Surveys have to be written individually. However, teams of up to 2 students can be formed for a research project. To get full credit, surveys have to be very high quality: they should be similar to a publishable survey article in a top journal. The bar for research projects will be lower because of the time constraint and the inherent uncertainty in the research process. While you’re not required to deliver publication quality research work by the end of the semester, you are encouraged to do so. We will provide some suggestions for research projects but you should feel free to work on any problem in the area of sequential decision making that interests you. The papers must be written according to the submission rules at ICML: https://icml.cc/Conferences/2020/StyleAuthorInstructions It is easiest to use Latex with the style files ICML provides. These are 8 page papers.

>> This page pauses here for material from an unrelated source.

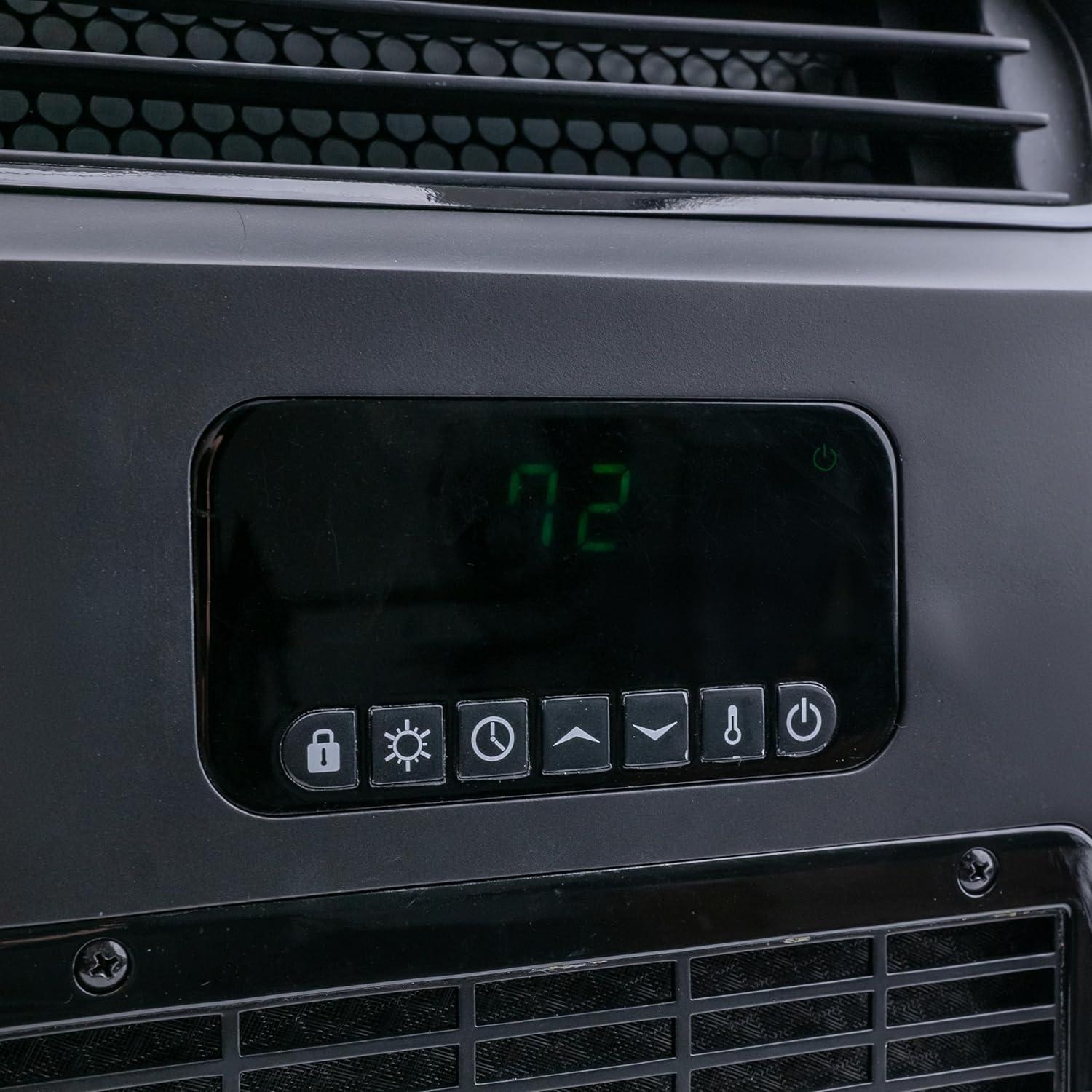 Comfort Zone 14" Slim Line Wall Mount Electric Space Heater with Stand, Remote Control, Digital Adjustable Thermostat, Timer, LCD Display, Safety Tip Over Switch, Overheat Protection, MT8142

Posters: On 4/28 we will hold a poster session during class. Your poster should provide a summary of your project. Posters will be due in Canvas at 5pm on Tuesday 4/27. An example poster can be found here. This poster used the template at https://github.com/anishathalye/gemini

Participation: Active participation is expected, through attending class (Wednesdays), completing quizzes and engaging in breakout room discussions. Unless you are speaking please mute your microphone. Please keep your camera on during class and section if you are comfortable doing so, though there may be occasional privacy or bandwidth reasons for turning your camera off. You will get more out of Stat 234 if you close all of applications on your computer during the class. Stat 234 is a challenging course covering subtle concepts and there are further challenges from being remote and the difficult times we are in, so let's all try to help create a supportive, collaborative community.

Accommodations: Students needing academic adjustments or accommodations because of a documented disability must present their Faculty Letter from the Accessible Education Office (AEO) and speak with the professor by the end of the second week of the term, (fill in specific date). Failure to do so may result in the Course Head's inability to respond in a timely manner. All discussions will remain confidential, although Faculty are invited to contact AEO to discuss appropriate implementation.

Zoom basics and where to get tech help: The Academic Resources Center has resources. For tech help you can chat with Kelly or Peng to see if they can help and/or you can call the HUIT help desk.